Required work: Print, exactly as they stand, the lines below from the one that has "FANCY TOP FABRIC COTTON PRINT WITH WORK 15" to the one that has "Коктейльное/вечернее платье REGULAR", inclusive, leaving out the pictures.

[Records shown — start]

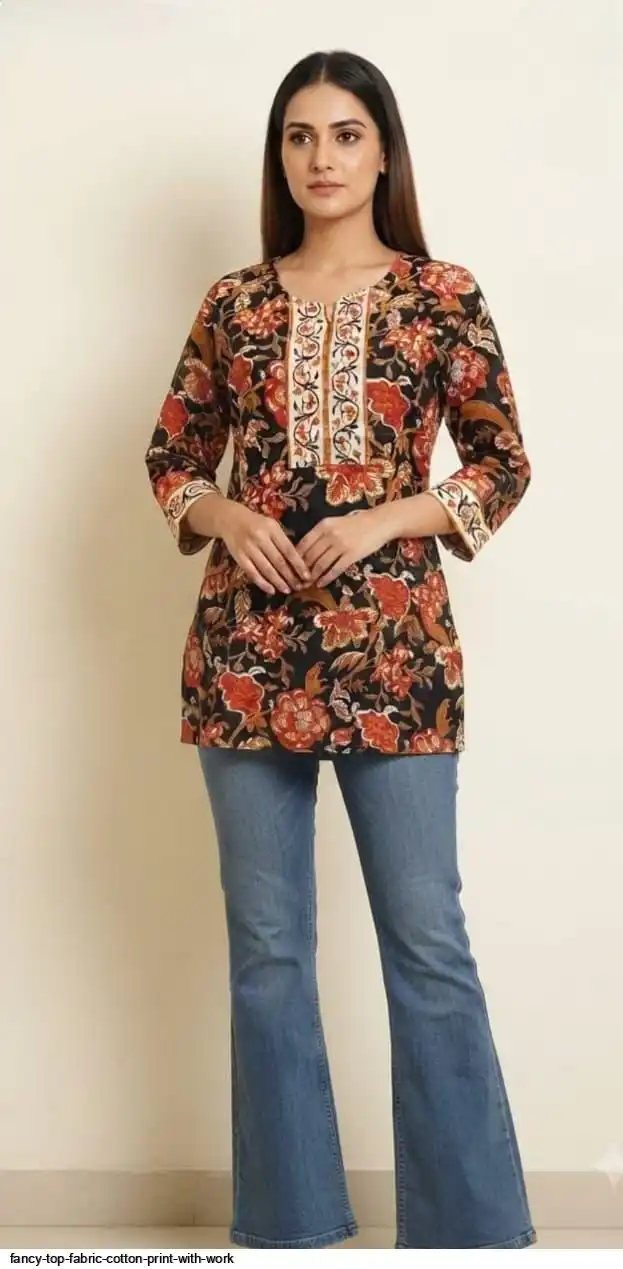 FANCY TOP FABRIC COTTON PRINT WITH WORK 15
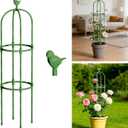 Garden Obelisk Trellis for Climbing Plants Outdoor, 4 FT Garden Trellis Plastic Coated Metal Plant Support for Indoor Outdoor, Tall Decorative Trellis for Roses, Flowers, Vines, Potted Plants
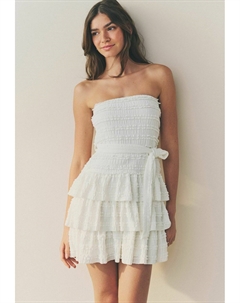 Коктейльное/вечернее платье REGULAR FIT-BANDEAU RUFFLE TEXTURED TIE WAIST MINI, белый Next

[Records shown — finish]
[Records shown — start]

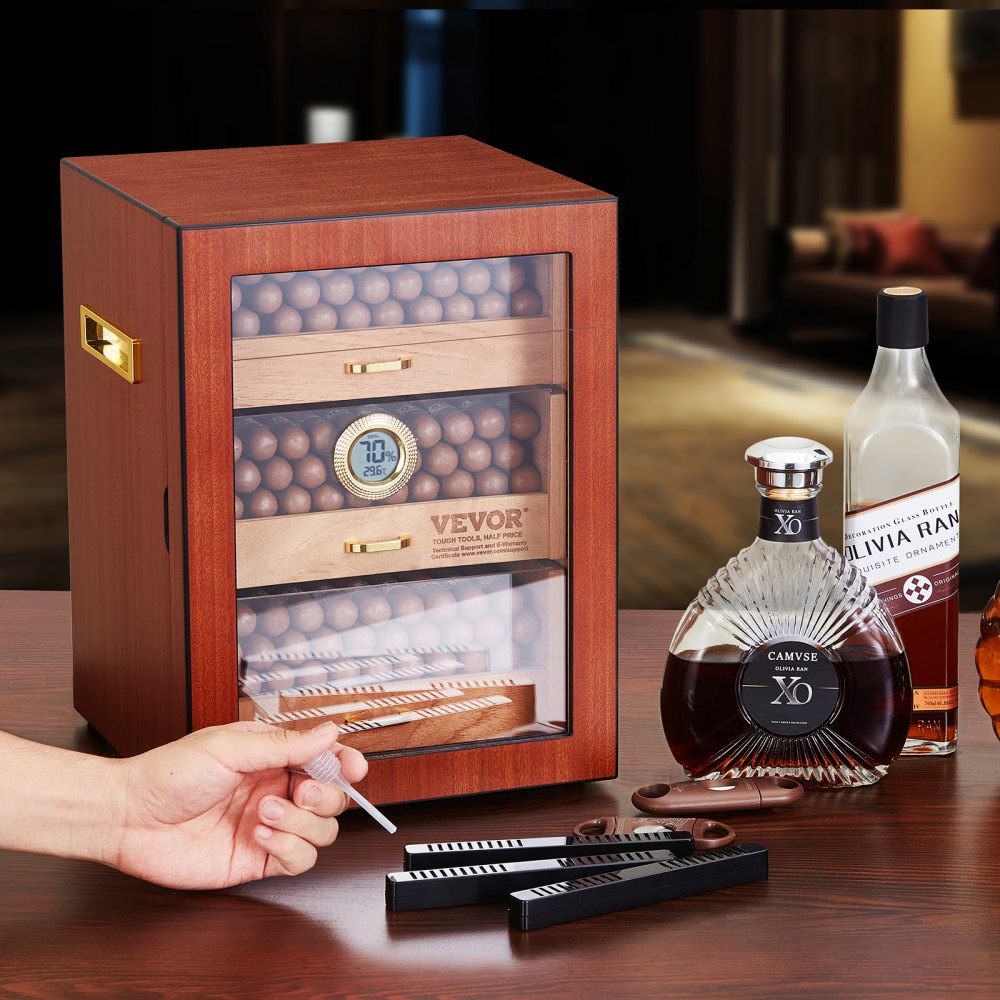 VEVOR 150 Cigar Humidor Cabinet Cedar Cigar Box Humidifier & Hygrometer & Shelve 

[Records shown — finish]

Your solution:
 FANCY TOP FABRIC COTTON PRINT WITH WORK 15
 Garden Obelisk Trellis for Climbing Plants Outdoor, 4 FT Garden Trellis Plastic Coated Metal Plant Support for Indoor Outdoor, Tall Decorative Trellis for Roses, Flowers, Vines, Potted Plants
 Коктейльное/вечернее платье REGULAR FIT-BANDEAU RUFFLE TEXTURED TIE WAIST MINI, белый Next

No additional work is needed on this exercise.